Les hommes vous ont-ils ennuyé?

Lorsque j'ai pris le contrôle, l'un des plus hauts responsables a déclaré qu'il n'avait aucun doute sur ma compétence, mais qu'il craignait que certains hommes de mon groupe ne déclenchent une émeute. Mais cela ne s'est pas produit. Plus que toute autre chose, nous nous sommes concentrés sur les missions et avons travaillé côte à côte pour résoudre des problèmes complexes, en essayant d'être à l'heure dans des délais critiques. J'ai également eu la chance d'avoir un mari très moderne, surtout à cette époque. Certains hommes comprenaient l'égalité.

Vous avez inventé, ou du moins popularisé, le terme génie logiciel [développement logiciel, technologie logicielle]. Pourquoi avait-il besoin de trouver un nouveau nom?

Dans les premières années d'Apollo, les programmes n'étaient pas pris au sérieux comme les autres disciplines de l'ingénierie. Bien que nous disposions d'un système assez complexe de nombreux composants, nous n'avons pas été reconnus pour un travail dans un domaine vraiment sérieux. Par désespoir, j'ai inventé le terme, comme pour déclarer: "Hé, nous, en fait, nous sommes aussi des ingénieurs." Pendant longtemps, cela a été perçu comme une blague. Et puis un jour, lors d'une réunion, l'un des gourous de fer les plus respectés a expliqué à tout le monde qu'il était d'accord avec moi. Le processus de création de logiciels doit également être considéré comme une discipline d'ingénierie, comme c'est le cas avec le matériel. Ce fut un moment mémorable.


Margaret Hamilton est immortalisée sous forme de figures pour Lego de la série NASA Women

Après Apollo, des parties de votre code ont été utilisées dans Skylab, la première station spatiale, puis dans le programme de la navette spatiale. Vous avez fondé votre propre entreprise et mis à profit votre expérience pour développer des logiciels plus abordables et plus fiables. Quelles leçons les programmeurs peuvent-ils tirer aujourd'hui du projet Apollo?

Récemment, nous sommes tombés sur des systèmes qui ont provoqué l'écrasement de l'avion et le pilote n'a pas compris ce qui se passait. De plus, ce qui est devenu clair du projet Apollo - bien qu'il ait fonctionné différemment - qu'il est préférable de définir les systèmes à l'avance pour minimiser le nombre d'erreurs, au lieu de publier immédiatement un tas de code, qui devra ensuite être corrigé avec des correctifs, qui devront également être corrigés plus tard. . Apparemment, cette leçon n'a pas été apprise - à cet égard, les logiciels sont aujourd'hui développés de la même manière qu'il y a 50 ans.
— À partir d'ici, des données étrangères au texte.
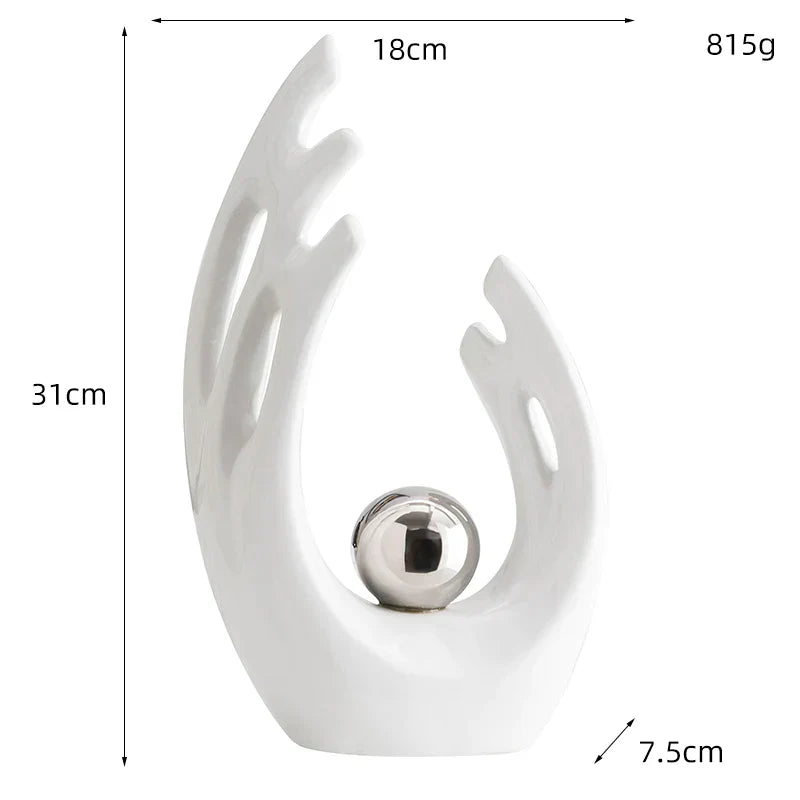 Abstract Sculpture Home Decor Resin | Elegance 3
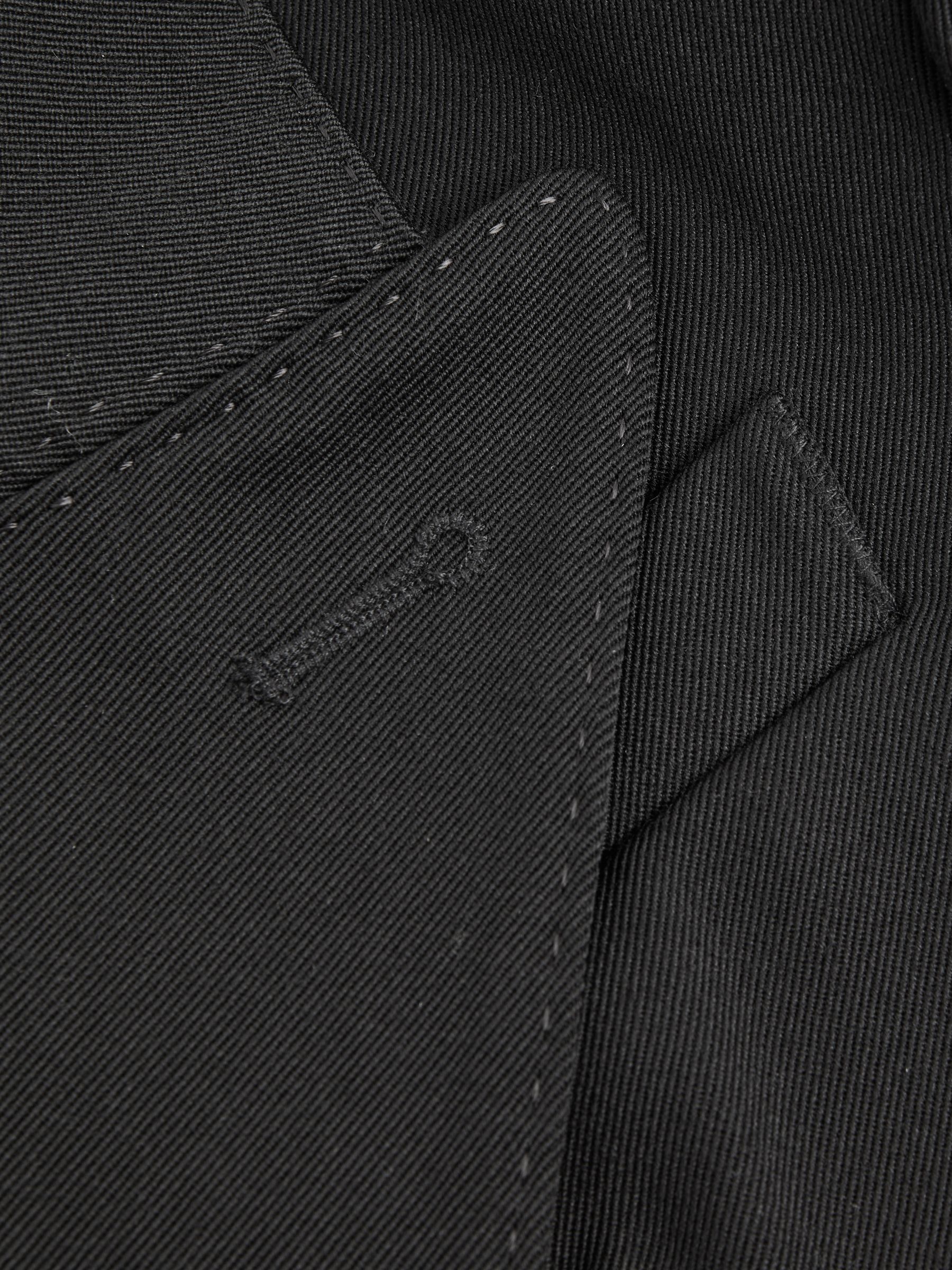 Wool Double Breasted Blazer Dress in Black - Image 6 of 7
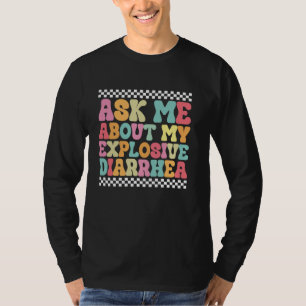 Camiseta Pergunte-me Sobre Meu Humor Adulto Irreverente Dia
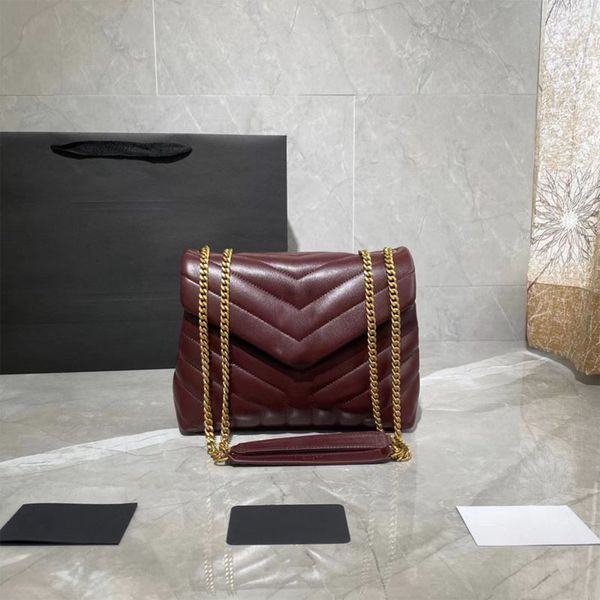 

loulou bag fashion designer luxury bags real leather messenger bag chain shoulder crossbody classic flap women pubagrse fashion shoulder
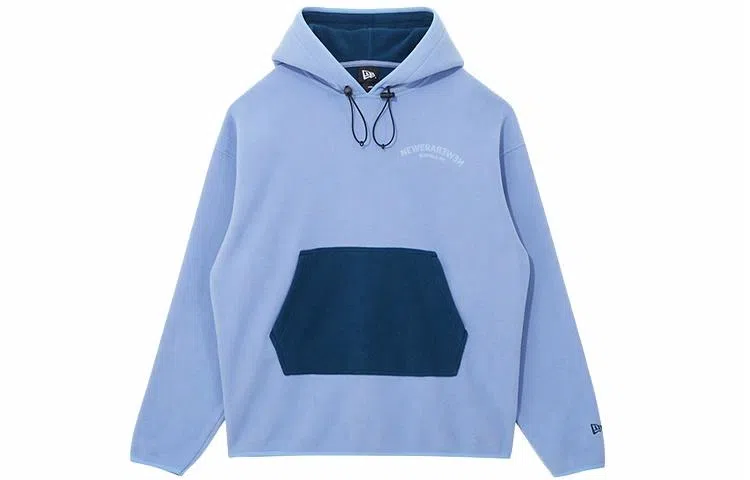New Era Fleece Colorblock Hoodie Blue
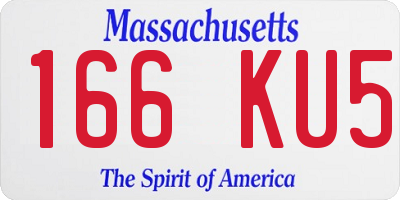 MA license plate 166KU5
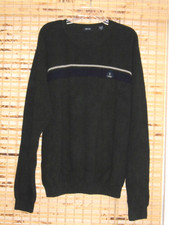 IZOD Men's size XL Nice GREEN with BEIGE  NAVY Sweater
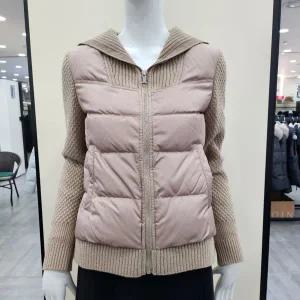 [조이너스] 니트배색 터들넥 오리털패딩JAEW0-WIH250_GN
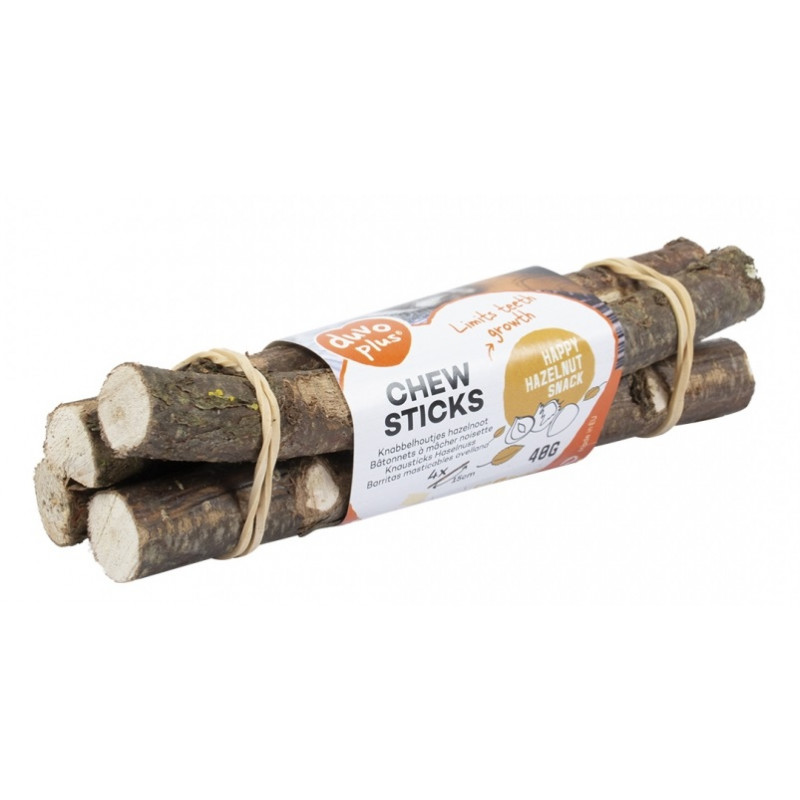 Duvo Plus Chew sticks Hazelnut, 4gb - lazdas zari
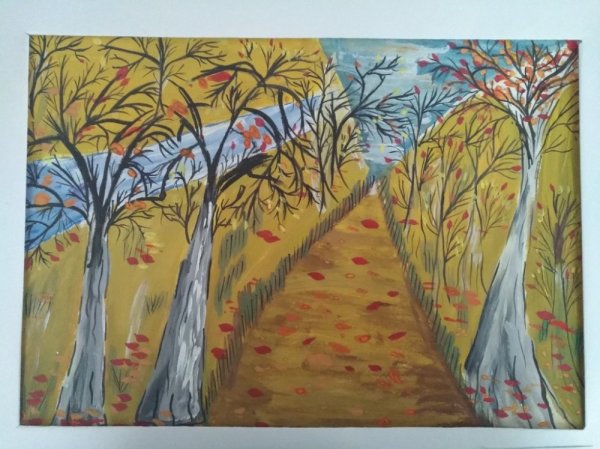 Иллюстрация к стихотворению унылая пора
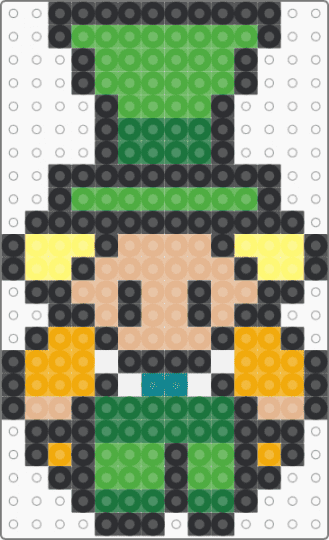 Mad Hatter - black,beige,green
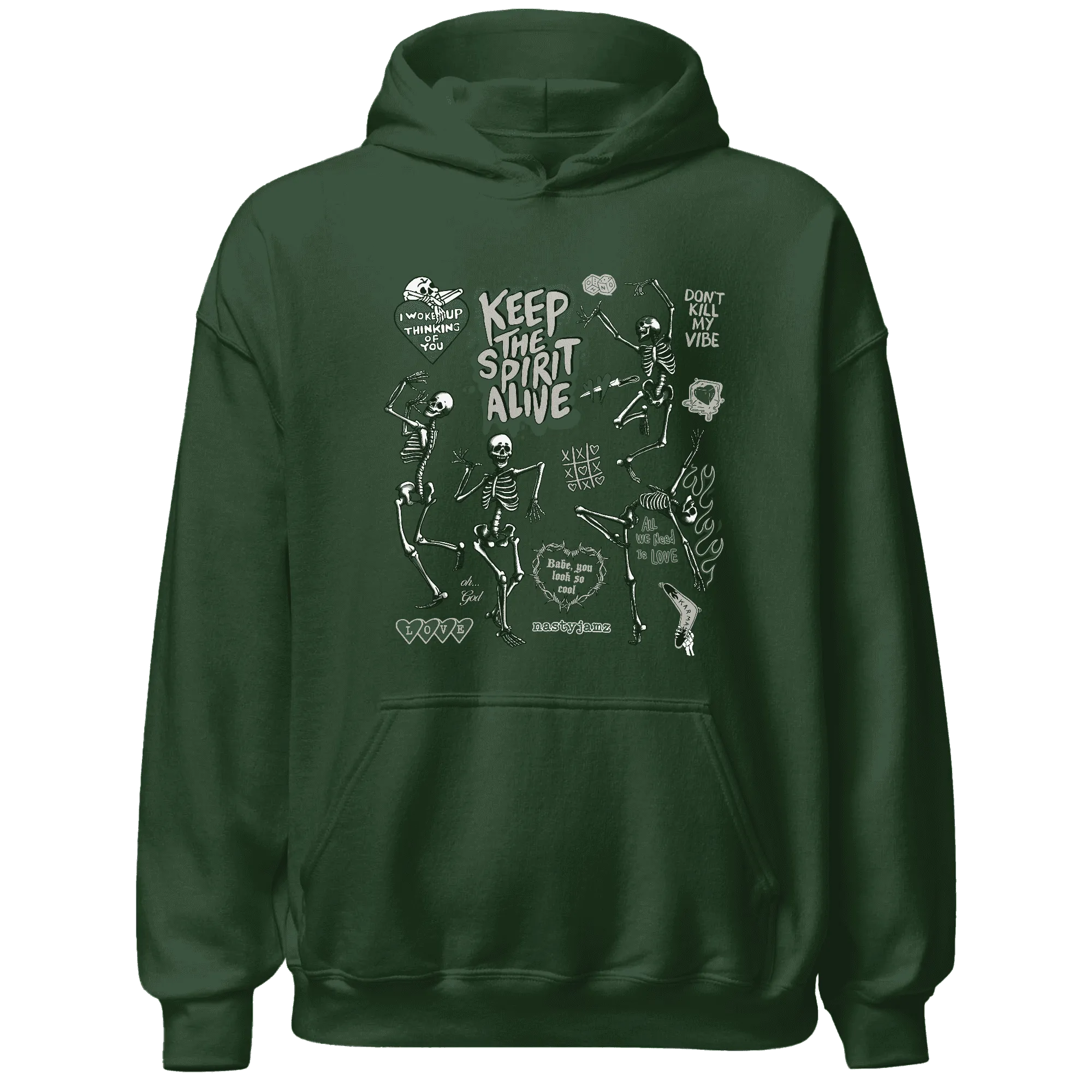 Oxidized-Green-4s-NastyJamz-Hoodie-Match-Keep-The-Spirit-Alive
Il y a une photographie célèbre de 1969 où vous vous tenez à côté d'une pile de code de mission Apollo imprimé presque aussi grand que vous. Récemment, cette image a été comparée à une photographie de Katie Bowman, une scientifique qui a aidé à développer un algorithme qui a créé la toute première image d'un trou noir. Elle pose avec une pile de disques durs de son projet, et ce montage photo est devenu viral. Vous souvenez-vous de la façon dont vous avez pris cette photo et de ce que vous avez appris de cette comparaison?

La photographie a été prise pendant la mission Apollo 11 par un photographe du MIT spécialement pour les journaux. Nous nous sommes emportés, avons saisi toutes les annonces d'Apollo dans mon bureau et avons construit cette tour. J'ai essayé de trouver un moyen de la tenir debout. Il ne me semble pas qu'une telle comparaison soit mauvaise. Au moins, ils ne nous ont pas cachés. Bien que je n'envie pas Bowman, elle a dû lutter contre tous les sarcasmes qui peuvent se propager sur Internet. Dans un sens, la situation est devenue pire pour les femmes aujourd'hui.

Quels conseils donneriez-vous aux jeunes femmes qui veulent faire carrière dans la programmation?

Ne laissez pas la peur vous saisir et n'ayez pas peur de dire «je ne sais pas» ou «je ne comprends pas» - il n'y a pas de questions stupides. Et ne croyez pas à 100% les soi-disant experts!